About this exercise: Exclude the images and repeat all remaining entries exactly.

====== Available data ======

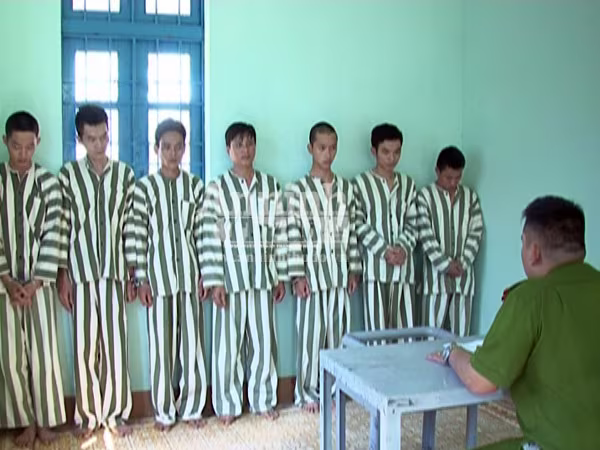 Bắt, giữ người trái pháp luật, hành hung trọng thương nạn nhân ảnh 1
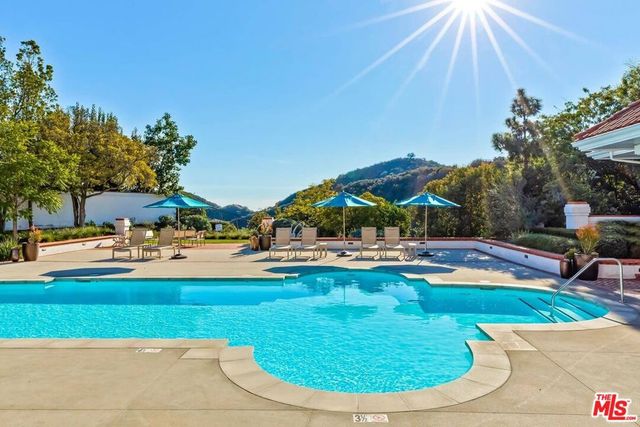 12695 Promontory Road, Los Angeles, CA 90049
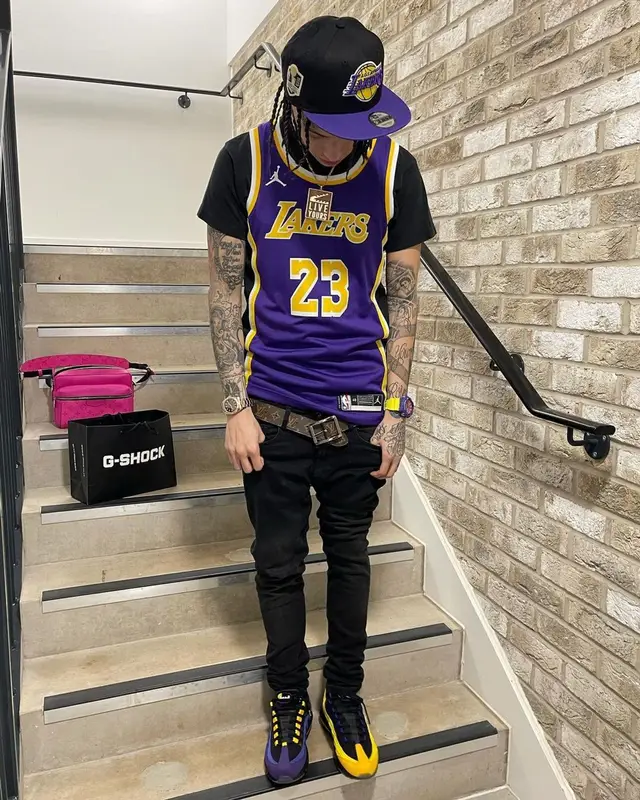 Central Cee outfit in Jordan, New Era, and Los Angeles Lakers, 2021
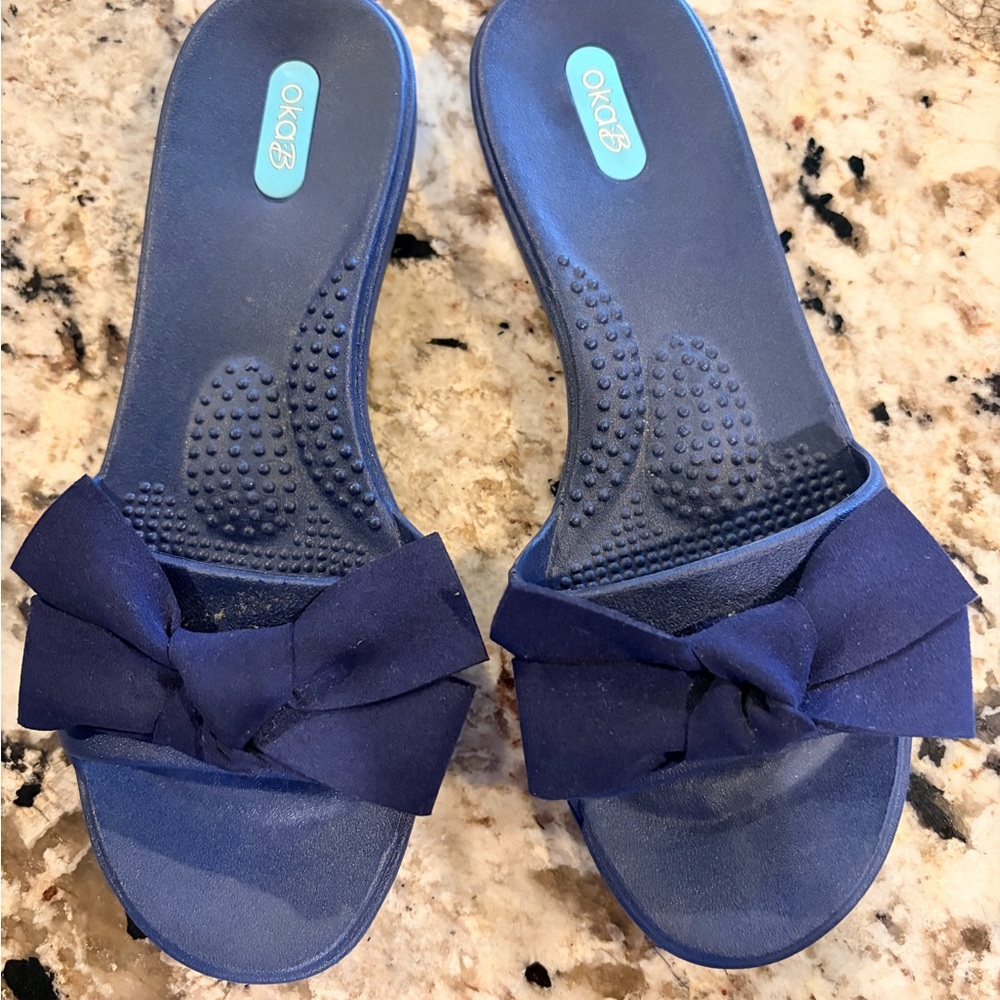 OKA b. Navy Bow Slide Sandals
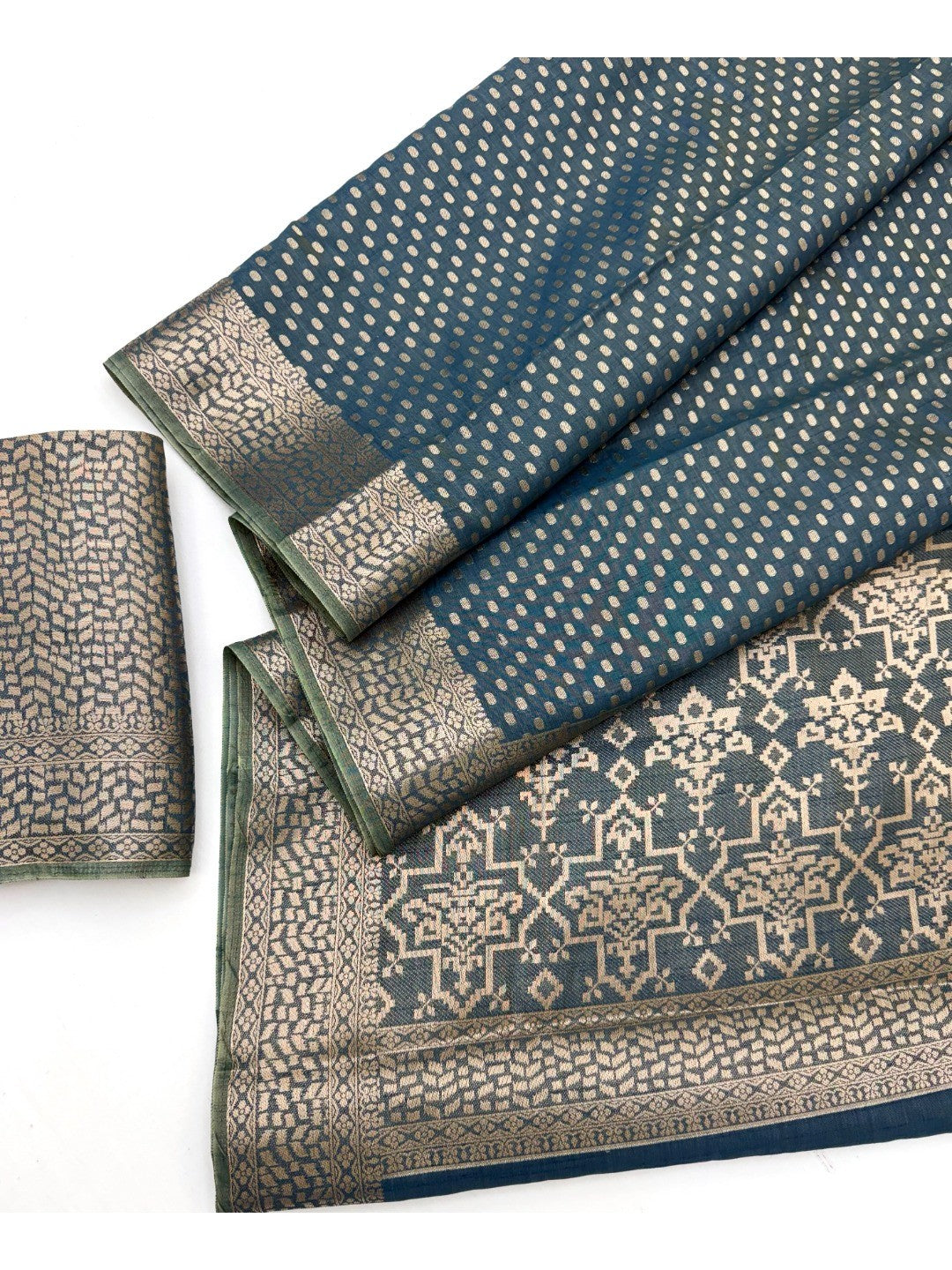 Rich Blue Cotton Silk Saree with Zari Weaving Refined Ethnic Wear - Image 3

======

Solution:
 Bắt, giữ người trái pháp luật, hành hung trọng thương nạn nhân ảnh 1
 12695 Promontory Road, Los Angeles, CA 90049
 Central Cee outfit in Jordan, New Era, and Los Angeles Lakers, 2021
 OKA b. Navy Bow Slide Sandals
 Rich Blue Cotton Silk Saree with Zari Weaving Refined Ethnic Wear - Image 3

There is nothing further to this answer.